Here's what you'll need to make the best meatballs of your life:

· Ground meat: This meatball recipe uses a blend of ground beef, ground veal, and ground pork. You can switch it up depending on what you have on hand.
· Seasonings and herbs: These meatballs are flavored with fresh garlic, fresh Italian flat-leaf parsley, and ground black pepper.
· Eggs: Eggs keep the meatballs from drying out and they act as a binding agent, which means they help hold the ingredients together.
· Cheese: You'll need a cup of freshly grated Romano cheese. If you can, avoid the pre-grated stuff for this recipe.
· Italian bread: Slightly stale Italian bread is preferable. If your bread feels soft, try letting it sit out overnight.
· Water: Slowly add water to the mixture before you roll the meatballs. It'll keep the meatballs nice and moist. Some reviewers prefer to use milk.
· Olive oil: Fry the meatballs in olive oil.

How to Make Meatballs Step-By-Step

Here's a very brief overview of what you can expect when you make this top-rated meatball recipe:

1. Combine the first eight ingredients in a bowl.
2. Add the bread crumbs and slowly add the water.
3. Shape the mixture into meatballs.
4. Fry the meatballs until they're all brown and crisp.

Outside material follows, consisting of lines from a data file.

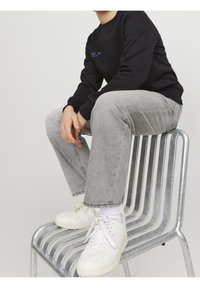 Osoba v šedých džínách, bílých teniskách a černé mikině sedí se spojenýma rukama na stříbrné kovové židli s horizontálními pruty.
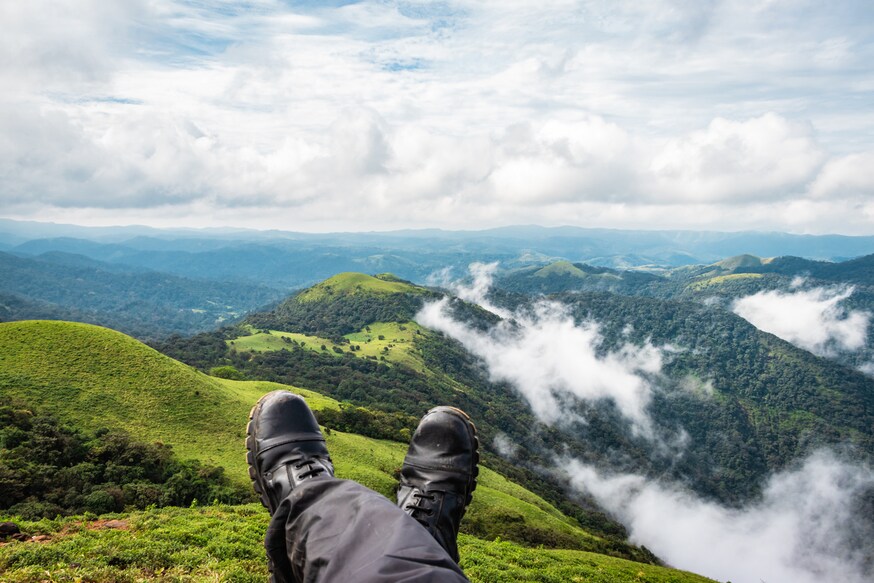 hiker resting at hilltop with breathtaking mountain layers in background image is showing the breathtaking beauty of nature at south india.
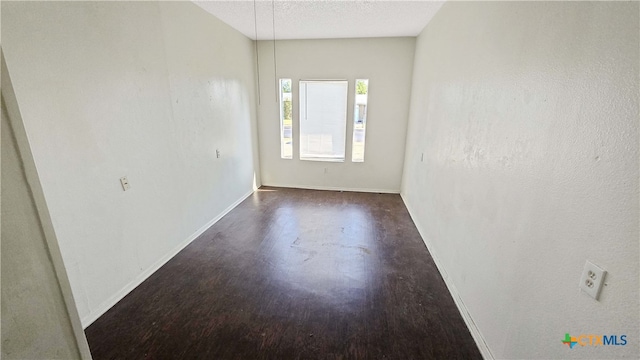 spare room with a textured ceiling and dark hardwood / wood-style floors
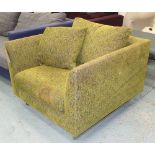 ARMCHAIR, contemporary in a green patterned fabric on metal supports,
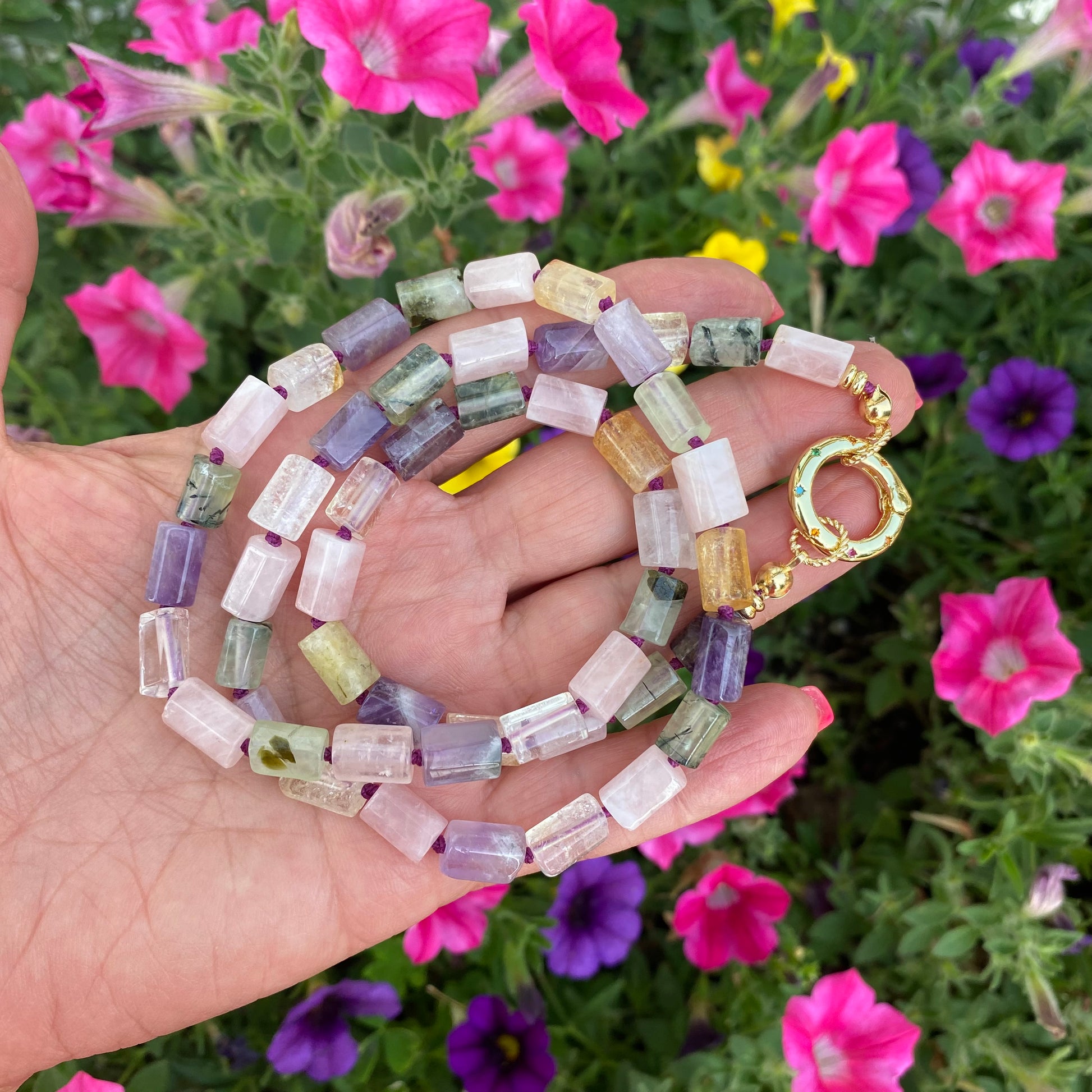 Mixed gemstone necklace with rose quartz and amethyst tube beads held in hand against floral background, handmade in Canada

How Long to Cook Meatballs

Cook the meatballs in batches, making sure you don't crowd the pan. It should take about 20 minutes, give or take, for the meatballs to be perfectly crisp and cooked through. Test their temperature first to be sure they're done (an instant-read thermometer inserted into the middle of the meatball should read at least 165 degrees F).

What Goes With Meatballs?

The most obvious way to serve meatballs? With spaghetti, of course! Try our Best Marinara Sauce Yet. These meatballs also work great as an appetizer, in a sandwich, or served over mashed potatoes, rice, or egg noodles.

How to Store Meatballs

Store your leftover meatballs in a shallow, airtight container in the refrigerator for up to four days.

Can You Freeze Meatballs?

Yes! Meatballs freeze quite well. Flash freeze the cooked meatballs on a baking sheet for a few hours or up to overnight, then transfer the frozen meatballs to a freezer-safe container. Freeze for up to three months.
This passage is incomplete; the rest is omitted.